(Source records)

((

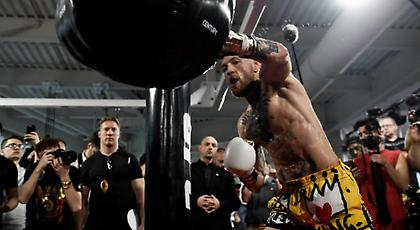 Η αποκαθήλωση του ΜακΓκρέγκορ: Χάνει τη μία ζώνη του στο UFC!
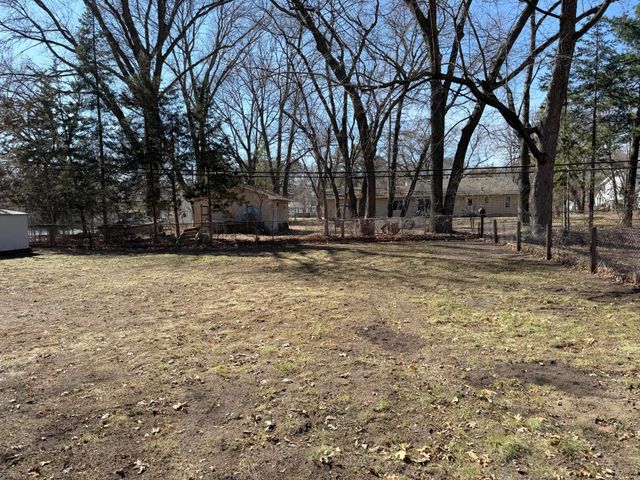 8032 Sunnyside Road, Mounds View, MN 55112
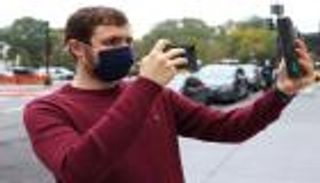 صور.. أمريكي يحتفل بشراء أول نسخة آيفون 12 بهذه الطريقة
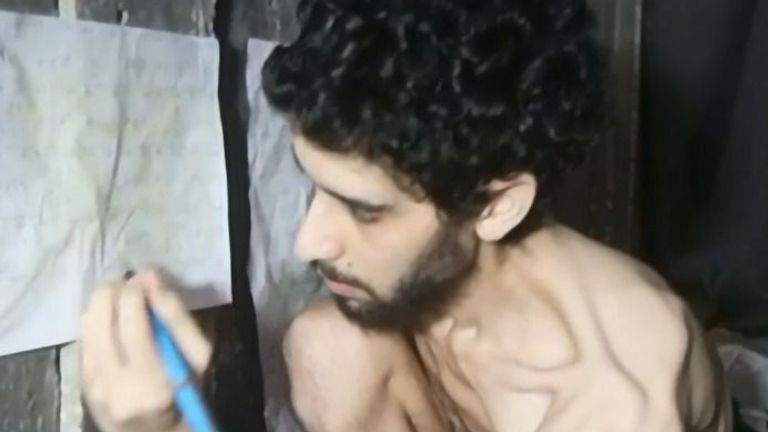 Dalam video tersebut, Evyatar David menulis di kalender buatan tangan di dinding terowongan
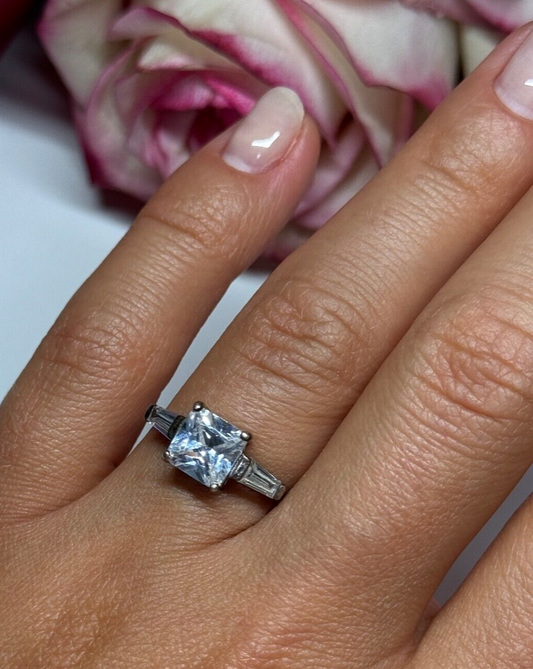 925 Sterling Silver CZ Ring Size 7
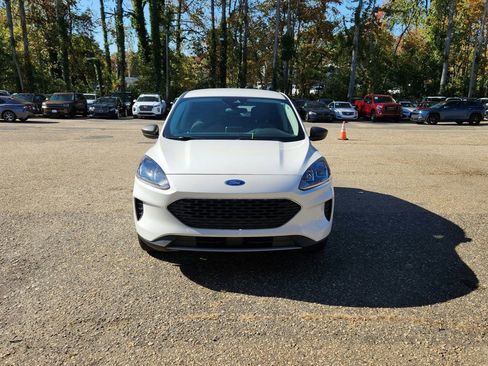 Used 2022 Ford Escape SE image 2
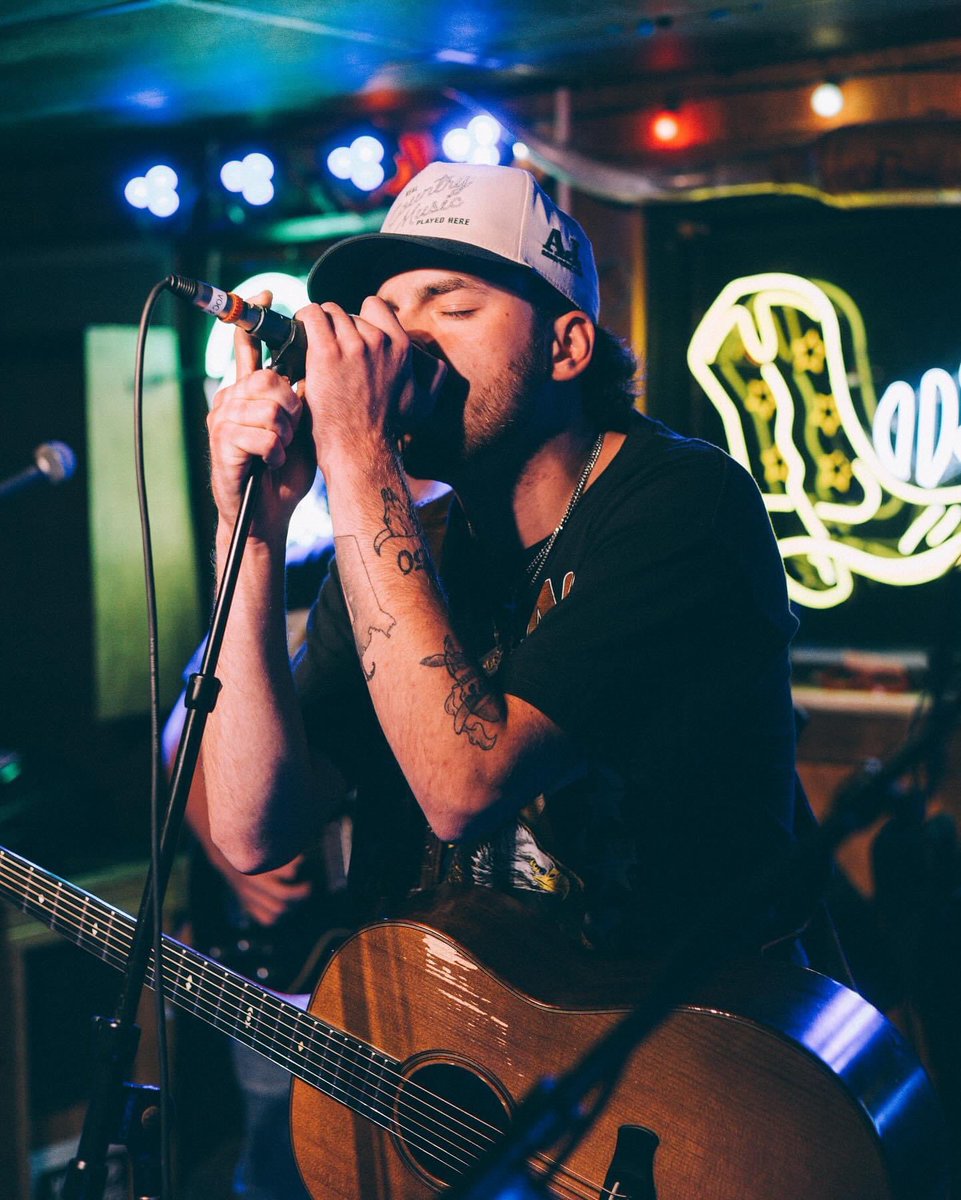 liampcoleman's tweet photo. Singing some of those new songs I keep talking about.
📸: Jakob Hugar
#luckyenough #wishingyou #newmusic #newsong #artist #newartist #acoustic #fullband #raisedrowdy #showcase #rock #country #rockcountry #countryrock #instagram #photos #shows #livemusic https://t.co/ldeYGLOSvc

))

* **Task prompt**: Every line above should be copied exactly; do not carry over the pictures.

* **Answer**:
 Η αποκαθήλωση του ΜακΓκρέγκορ: Χάνει τη μία ζώνη του στο UFC!
 8032 Sunnyside Road, Mounds View, MN 55112
 صور.. أمريكي يحتفل بشراء أول نسخة آيفون 12 بهذه الطريقة
 Dalam video tersebut, Evyatar David menulis di kalender buatan tangan di dinding terowongan
 925 Sterling Silver CZ Ring Size 7
 Used 2022 Ford Escape SE image 2
 liampcoleman's tweet photo. Singing some of those new songs I keep talking about.
📸: Jakob Hugar
#luckyenough #wishingyou #newmusic #newsong #artist #newartist #acoustic #fullband #raisedrowdy #showcase #rock #country #rockcountry #countryrock #instagram #photos #shows #livemusic https://t.co/ldeYGLOSvc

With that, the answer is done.